What is it like to replace a man whose name literally is part of your home stadium? Klieman, in his first season as Kansas State’s coach, said he hoped the reporter was “making more of it than it is.” After all, Klieman understands the enormity of the task at hand: succeeding Bill Snyder.
“I have a tremendous amount of respect for Coach, and I think Coach has a tremendous amount of respect for what we did at NDSU,” Klieman said. “I think it is the right fit — I know it is the right fit at Kansas State. But I can’t get caught up in all that. If I get caught up in all that, then I’m not focused on my job, which is to make sure that we put a great product out there every Saturday and continue to stack good days upon good days.”
During his 27-year tenure coaching the Wildcats, Snyder won more than 200 games en route to a place in the College Football Hall of Fame. That’s not to mention his pair of Big 12 titles and numerous bowl berths. Though he won’t be on the sideline in Manhattan any longer, he’s still around Manhattan. He said he plans to watch every home game from the suite where his family sat for so many years, looking down to the field where he led the program with a watchful eye. Snyder left Klieman notes. And Klieman talks to Snyder’s son, Sean Snyder, often. But the elder Snyder has let Klieman begin to put his own stamp on K-State’s football program.
Which he’s thankful for.
“It’s more him just giving me my space. I appreciate him for that, to be honest with you,” Klieman said. “He’s going to let me do this my way, or ‘our way’ as a staff. I’m excited, because the infrastructure we have is because of him.”

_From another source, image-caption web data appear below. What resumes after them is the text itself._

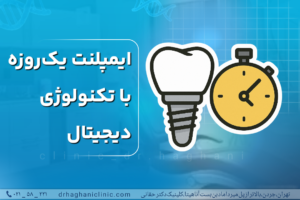 ایمپلنت یک‌روزه با تکنولوژی دیجیتال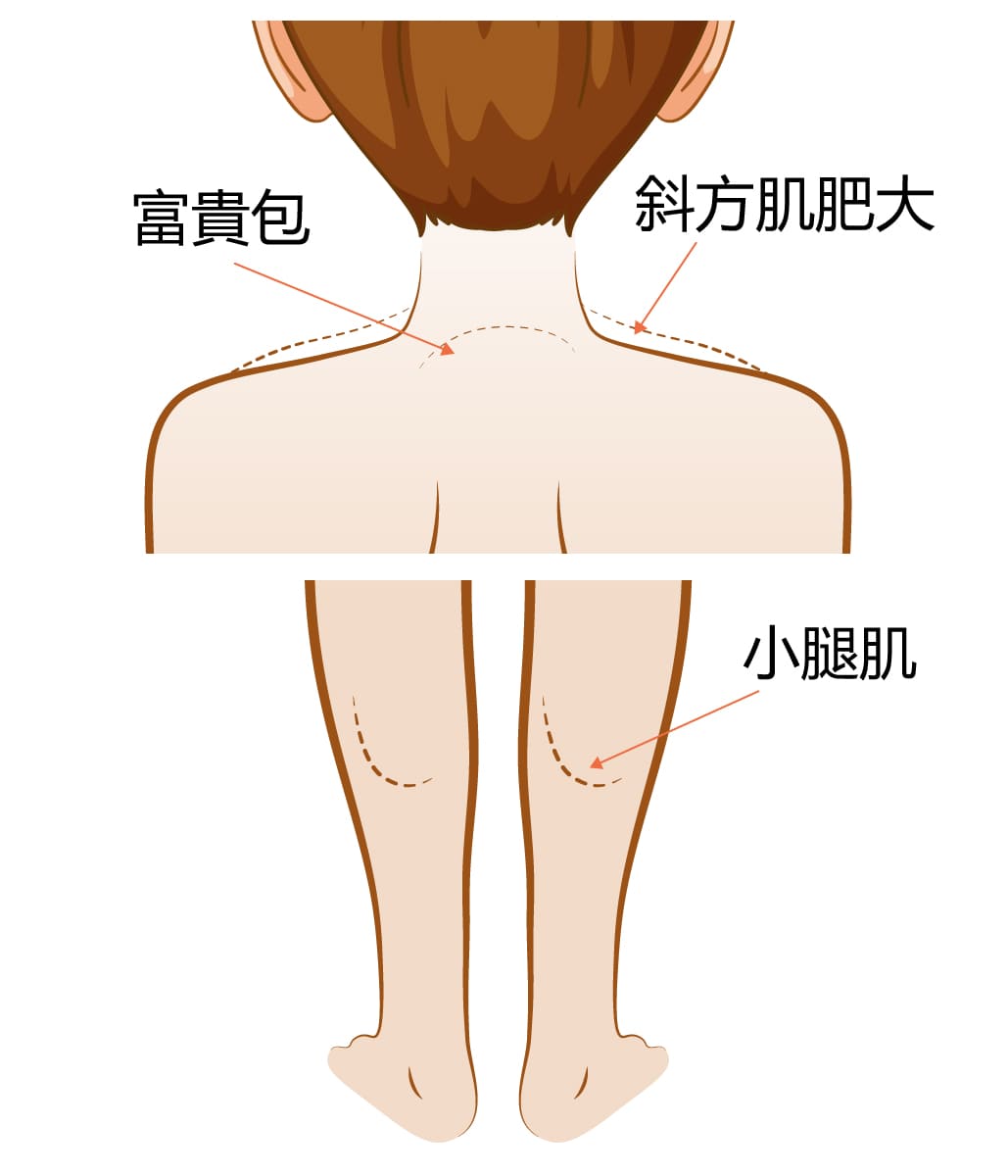 肉毒桿菌素適用部位-2M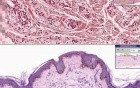 Xanthoma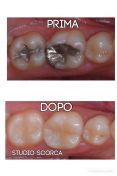Ricostruzione estetica denti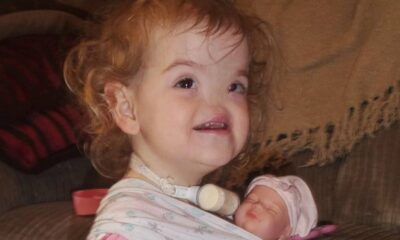 Born Without A Nose, Here’s What Tessa Evans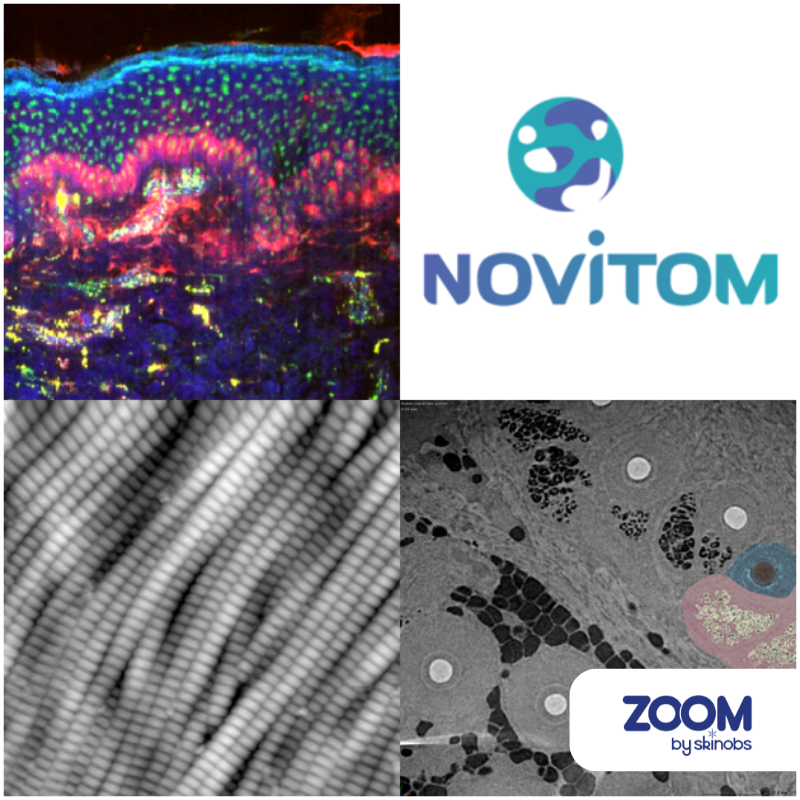 Images microscopiques et logos Novitom, Zoom by Skinobs.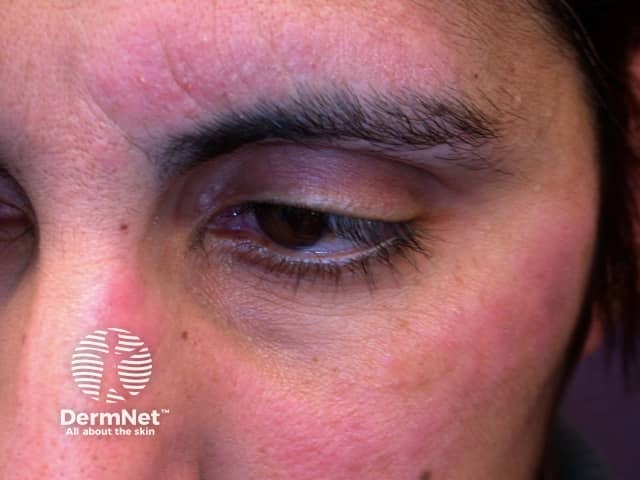 Contact allergic dermatitis around the eye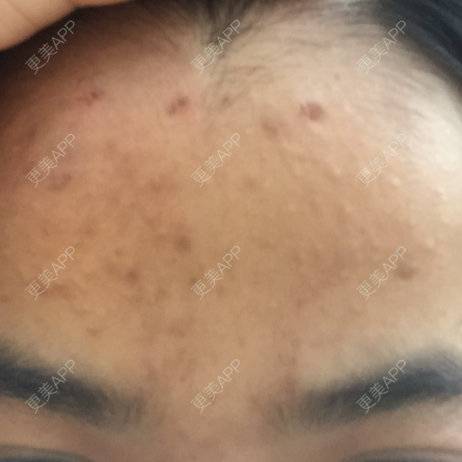 更美 - 更美用户80572856的经验 | 红蓝光清痘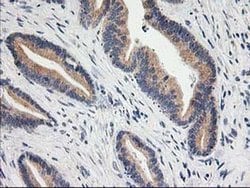 Invitrogen BAIAP2 Monoclonal Antibody (OTI8G8) 100 &mu;L; Unconjugated:Antibodies,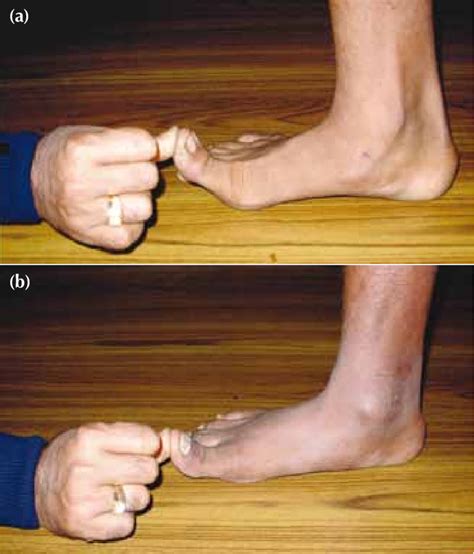 A Positive And B Negative Great Toe Extension Test Download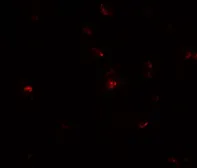 Anti-TGM7 antibody used in Immunocytochemistry/ Immunofluorescence (ICC/IF). GTX31460
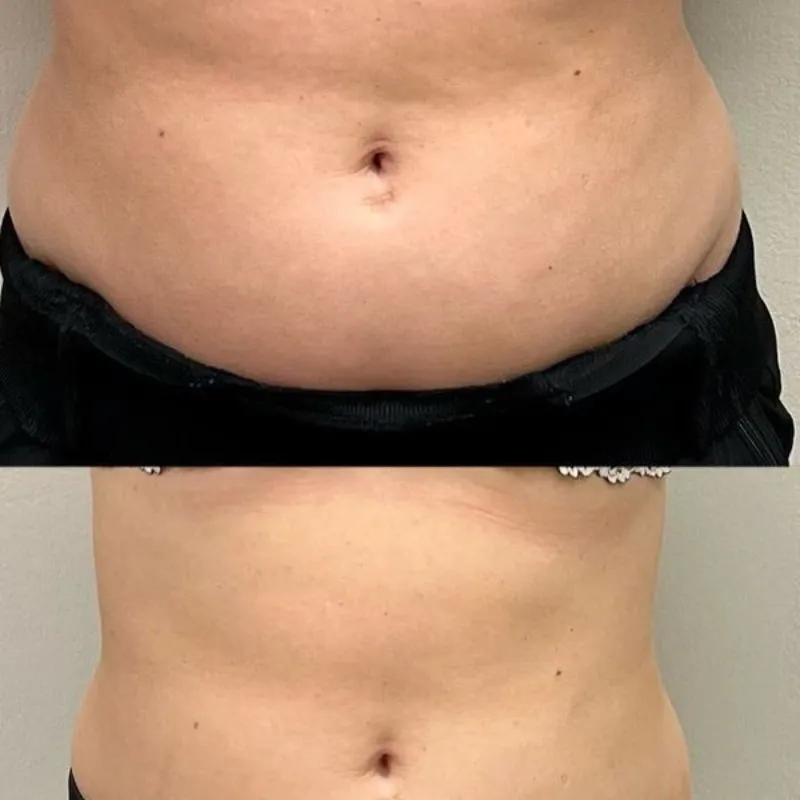 🌿 MADEROTERAPIA (Por área)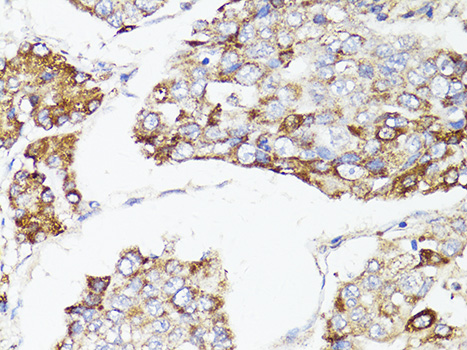 MTOR Antibody - Immunohistochemistry of paraffin-embedded human liver cancer using mTOR antibody at dilution of 1:150 (40x lens).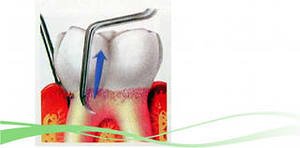 Кюретаж и хирургические операции на деснах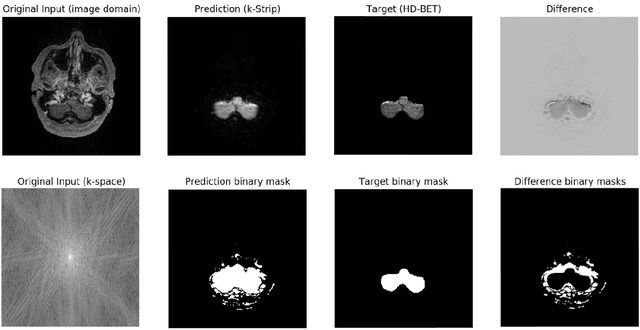 Figure 4 for k-strip: A novel segmentation algorithm in k-space for the application of skull stripping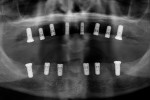 Fig 3. Post-implant placement panoramic radiograph.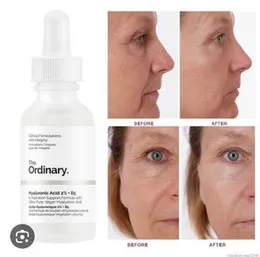 The ordinery Hyarulonic acid 2%+B5 serum 30ml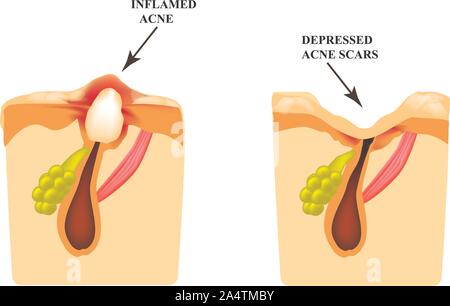 Inflamed acne on the skin. Inflamed pimple. The structure of the skin. Acne scar. Stock Vector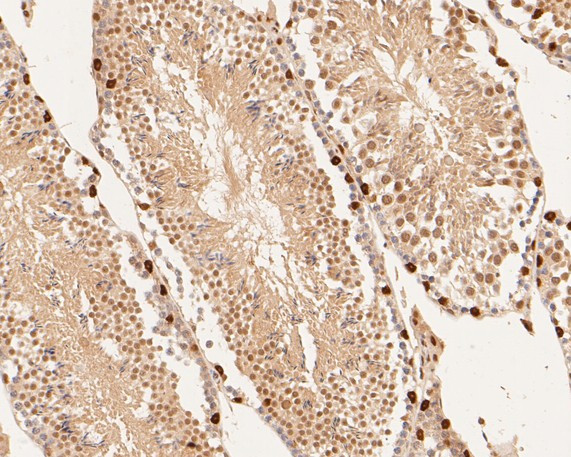 DUX4 Antibody in Immunohistochemistry (Paraffin) (IHC (P))
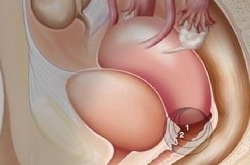 42岁女子同房后出血 下体流血竟是这原因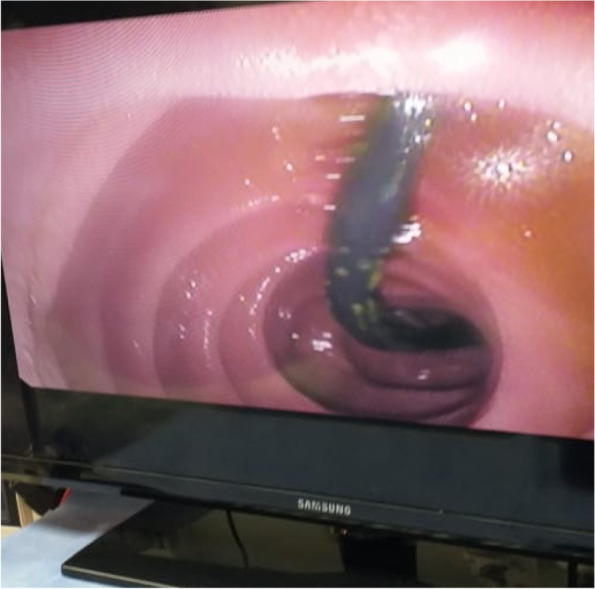 The slipped surgical catheter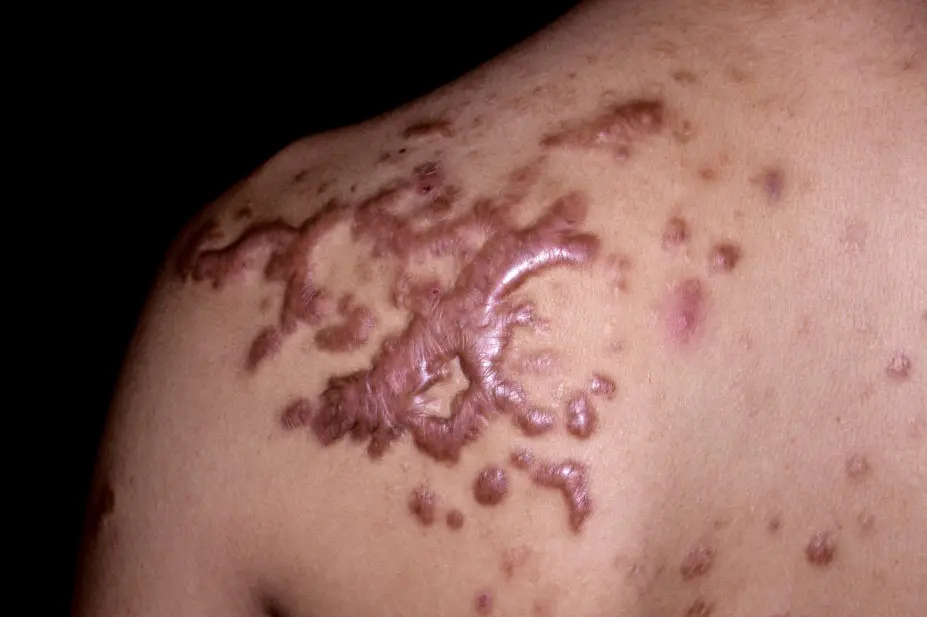 Keloid scars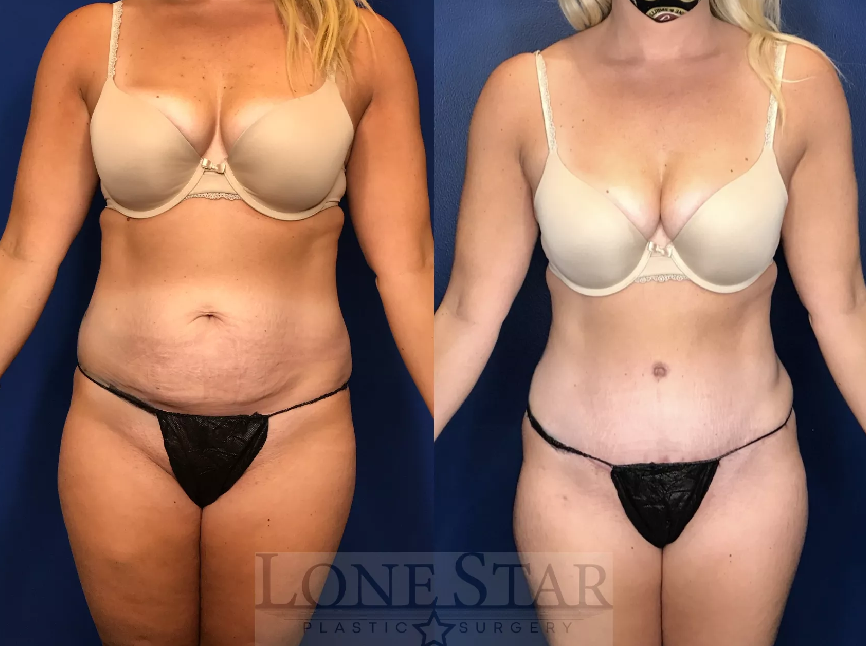 Split image, with the left side showing the before image of a tummy tuck and the right image showing the after results from a tummy tuck, showing a smoother, more contoured stomach.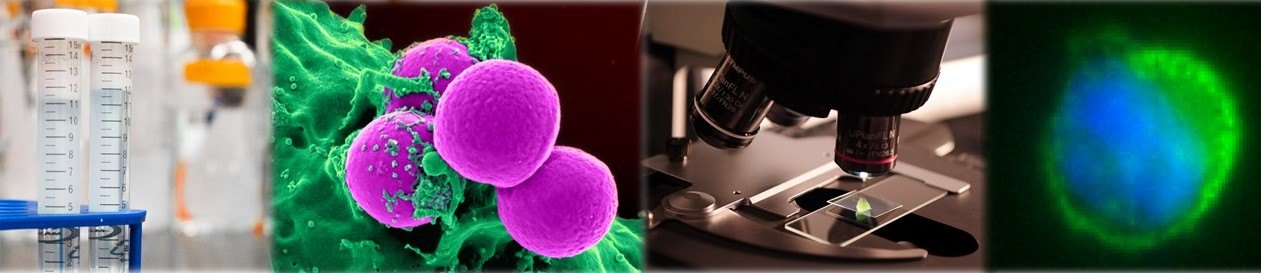 Máster Universitario en Investigación en Inmunología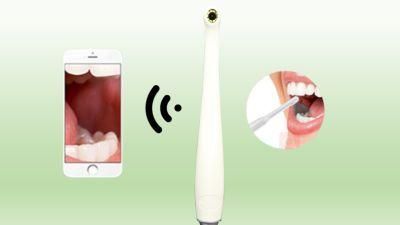 Link WiFi Scan Code to See Pictures Intraoral Camera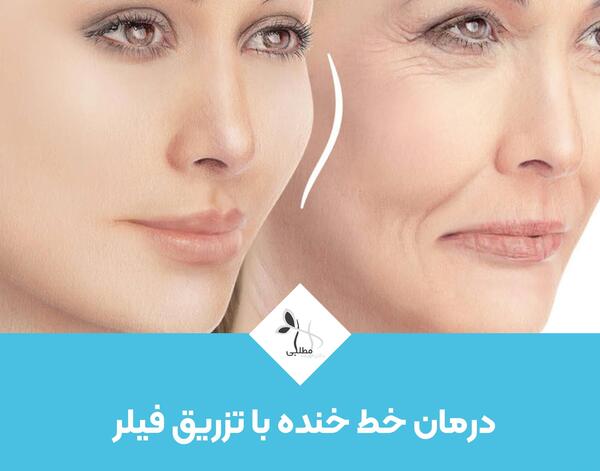 عکس فیک کبودی صورت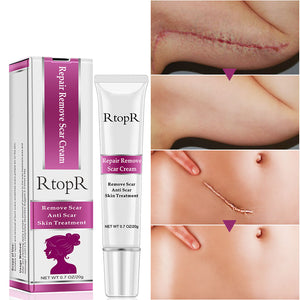 Intense Scar Removal Treatment (Works on Acne Scars Too)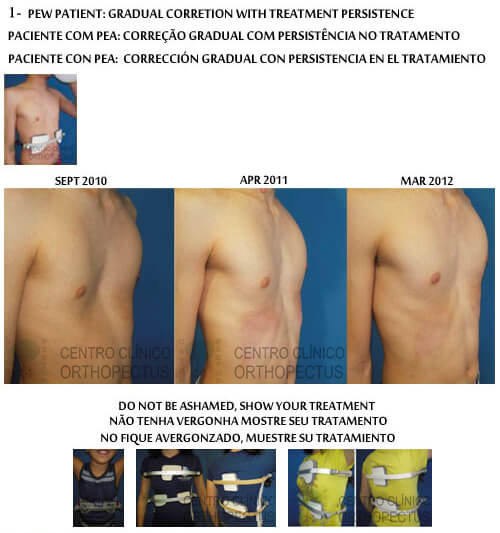 Pectus Excavatum Centro Clínico Orthopectus 2 pectus excavatum clinical center orthopectus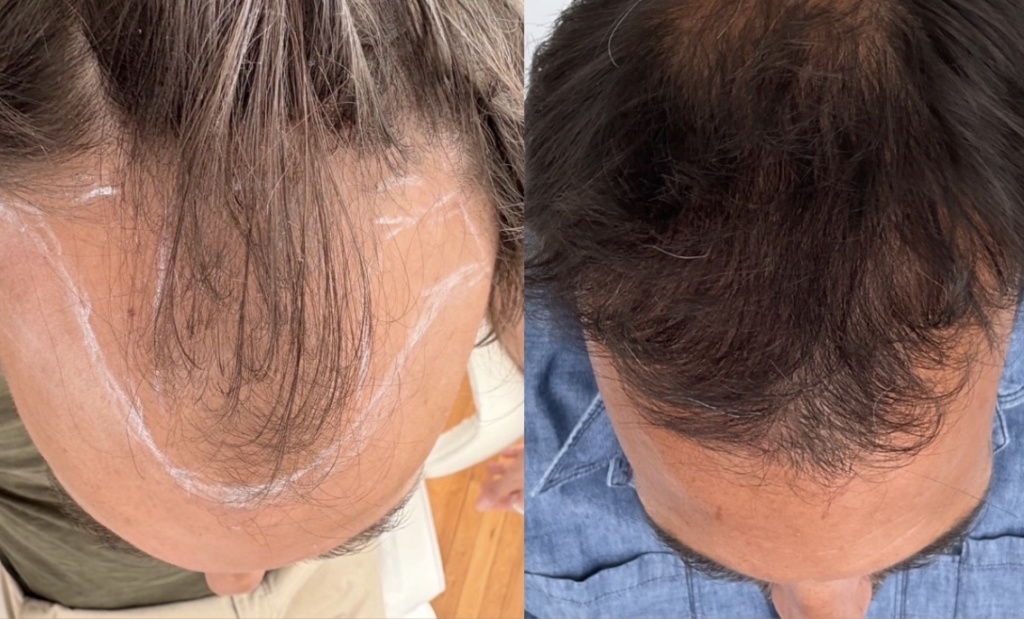 Greffe de cheveux à Bordeaux (FUE) – CLEO Hair Clinic 7 img 1167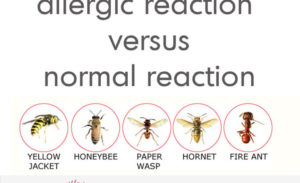 bee sting reaction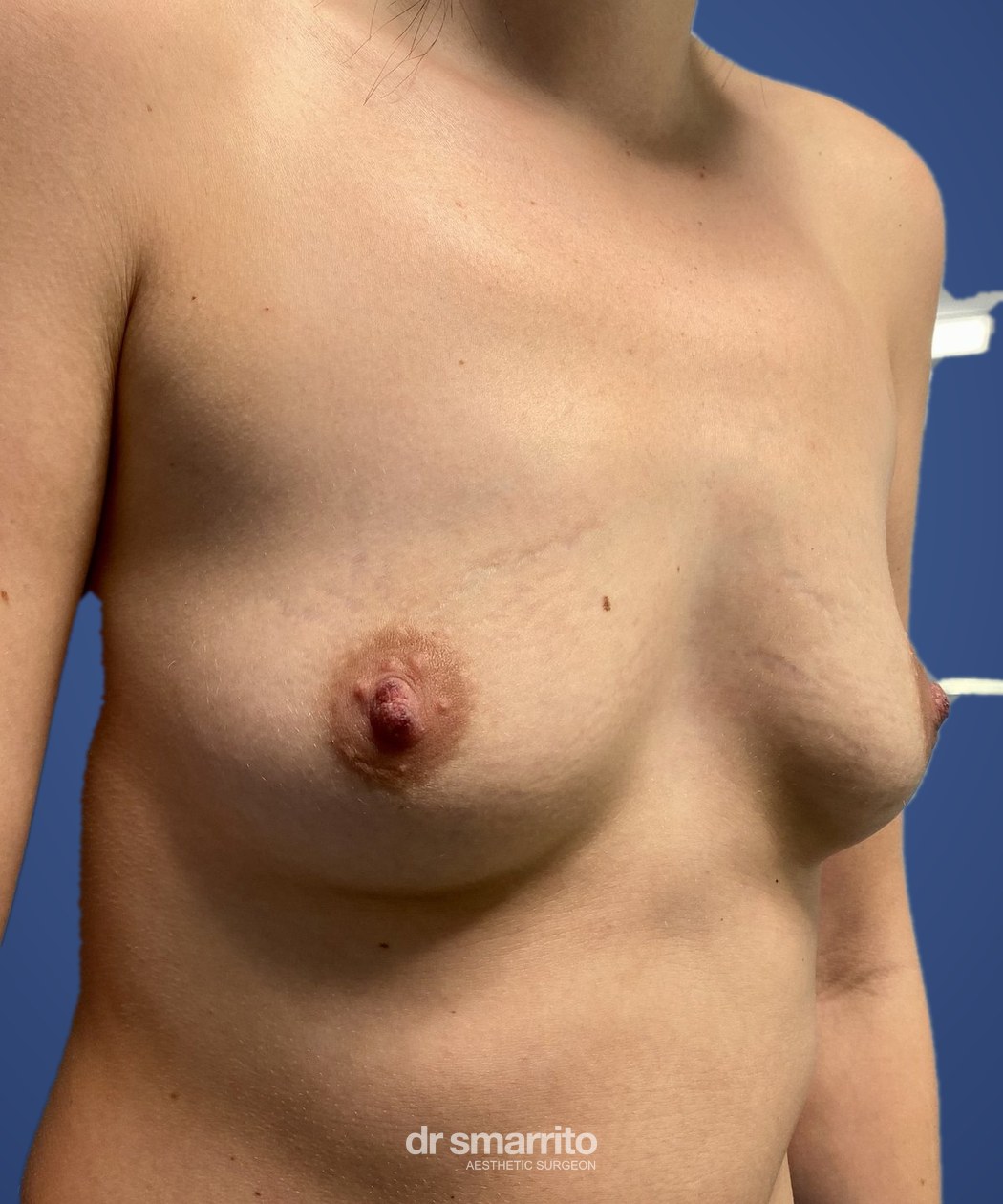 Avant augmentation mammaire de trois-quarts – chirurgie esthétique Dr Smarrito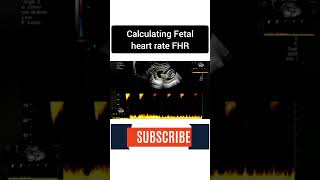 Fetal heart rate FHR ultrasound baby medical pregnancyjourney [upl. by Enyal]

Yet this isn’t the first time Klieman’s been tasked with succeeding a coach with a stellar track record. In fact, it’s his second time in as many jobs. When Klieman took the reins at North Dakota State after the 2013 season, he followed Craig Bohl. The Bison won the FCS national championship three years in a row before Bohl departed for Wyoming. Klieman had no trouble continuing North Dakota’s State run of success — and in some ways, remarkably, improving upon it.
In five years as the Bison’s head coach, Klieman won four national championships. The lone year he didn’t, North Dakota State fell in the national semifinals — to the eventual champion, James Madison.
In all, Klieman went 69-6 in five seasons, a sparkling 92% win rate.
Looking back on it, Klieman said the experience of following Bohl will pay dividends now, especially with so many K-State supporters unsure how their program will fare without the only man who ever consistently won in Manhattan.
“It makes it more manageable because I know what to expect. I never worried what that guy thinks of me, that guy thinks of me, that guy thinks of me,” said Klieman, pointing his finger at invisible people in the crowd to illustrate his argument. “I’ve got to live with myself every night. I’ve got to put my head down knowing that I’ve given everything I can every day. I’m going to be fine. But following Craig and them saying, ‘You’ve got to win national championships,’ well (here), you’ve got to continue to try to win Big 12 championships and go to bowl games. That’s why we’re in this profession: to be the best.”
Klieman embraces it because he had countless opportunities to leave North Dakota State. Yes, he interviewed for a handful of openings. But he never got to the point where he made an official visit to campus. Nor was he ever close to taking another job. That he willingly accepts the challenge of following Snyder is because of the feeling he got from K-State, and specifically, his prior relationship with athletics director Gene Taylor, who hired him at North Dakota State.
And there already are some similarities between Snyder and Klieman. A subtle one: the name of K-State’s offense. Or in this case, a lack thereof. No “Air Raid” or “Fun ‘n’ Gun” here. Like Snyder, Klieman said it’s just “the K-State offense.”
Still, there is one major difference between the beginning of Klieman’s North Dakota State tenure and his new one at K-State: Bohl left town. Snyder, even if he’s removed himself from the day-to-day goings on at the football complex, remains a presence. For some, that might be a cause for stress. Klieman takes the opposite approach. He’s “glad” Snyder is around.
“He loves the community. Manhattan is why he came, the people are why he came, the people are why he stayed,” Klieman said. “I think it’s great. I hope he’s around a lot.”
For all Snyder did to lift K-State’s program from near-death to respectability, Klieman said his predecessor is entitled to everything his success entails.
“Shoot, he built the empire,” Klieman said. “I think he deserves to sit and watch and see what happens with it. I’m excited for it.”